Copyright© 2024 by Elizabeth Von Arnim

Chapter 6

While Fritzing was losing his temper in this manner at the agent’s, Priscilla sat up in the churchyard in the sun. The Symford churchyard, its church, and the pair of coveted cottages, are on a little eminence rising like an island out of the valley. Sitting under the trees of this island Priscilla amused herself taking in the quiet scene at her feet and letting her thoughts wander down happy paths. The valley was already in shadow, but the tops of the hills on the west side of it were golden in the late afternoon sunshine. From the cottage chimneys smoke went up straight and blue into the soft sky, rooks came and settled over her head in the branches of the elms, and every now and then a yellow leaf would fall slowly at her feet. Priscilla’s heart was filled with peace. She was going to be so good, she was going to lead such a clean and beautiful life, so quiet, so helpful to the poor, so hidden, so cleared of all confusions. Never again would she need to pose; never again be forced into conflict with her soul. She had chosen the better part; she had given up everything and followed after wisdom; and her life would be her justification. Who but knows the inward peace that descends upon him who makes good resolutions and abides with him till he suddenly discovers they have all been broken?
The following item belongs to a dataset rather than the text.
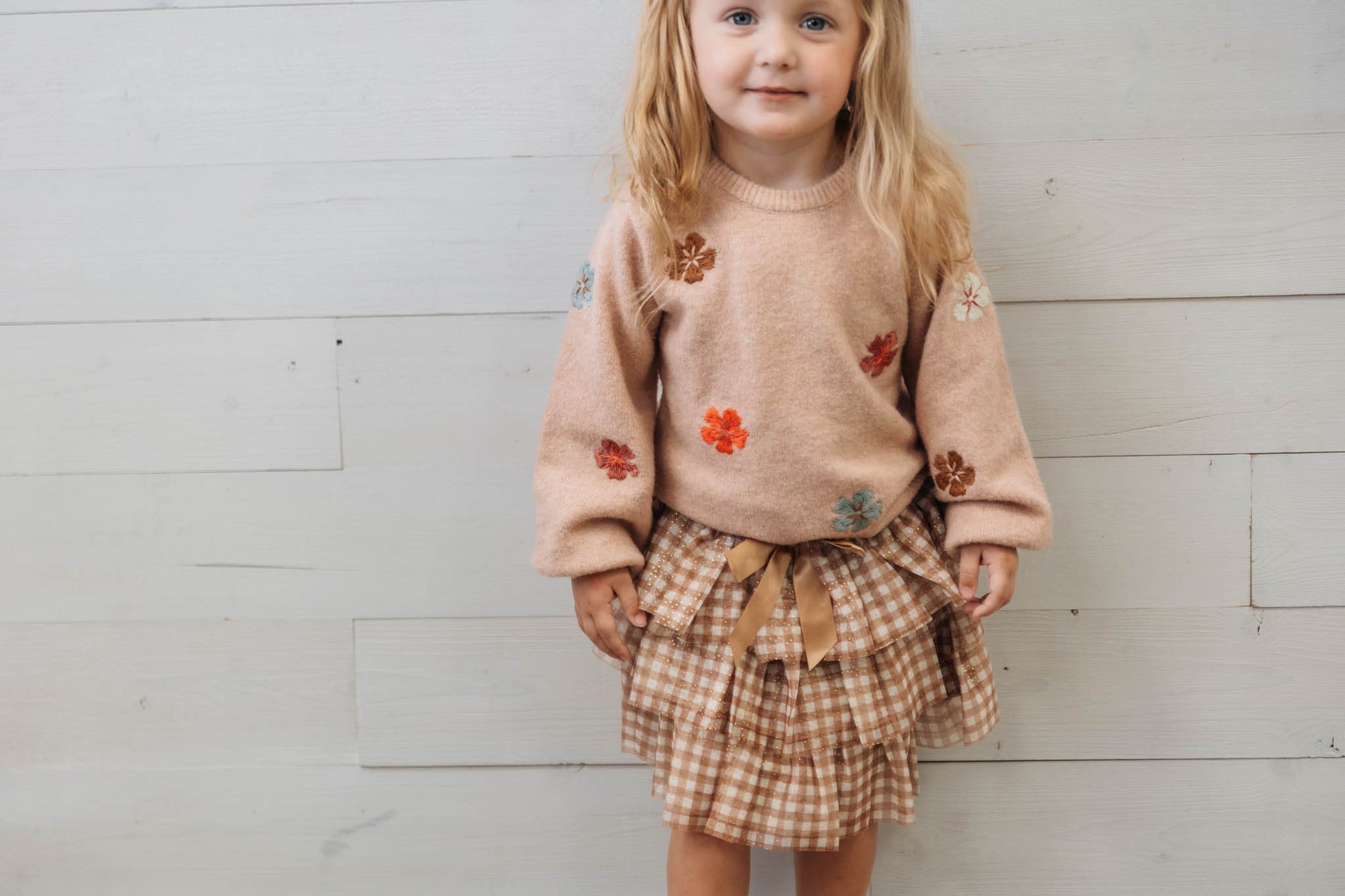 Gingham Printed Tulle Tiered Tutu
And what does the breaking of them matter, since it is their making that is so wholesome, so bracing to the soul, bringing with it moments of such extreme blessedness that he misses much who gives it up for fear he will not keep them? Such blessed moments of lifting up of the heart were Priscilla’s as she sat in the churchyard waiting, invisibly surrounded by the most beautiful resolutions it is possible to imagine. The Rev. Edward Morrison, the vicar of whom I have spoken as venerable, coming slowly up the path leaning on his son’s arm with the intention of going into the church in search of a mislaid sermon-book, saw Priscilla’s thoughtful back under the elm-tree and perceived at once that it was a back unknown to him. He knew all the Symford backs, and tourists hardly ever coming there, and never at that time of the year, it could not, he thought, be the back of a tourist. Nor could it belong to any one staying with the Shuttleworths, for he had been there that very afternoon and had found Lady Shuttleworth rejoicing over the brief period of solitude she and her son were enjoying before the stream of guests for the coming of age festivities began.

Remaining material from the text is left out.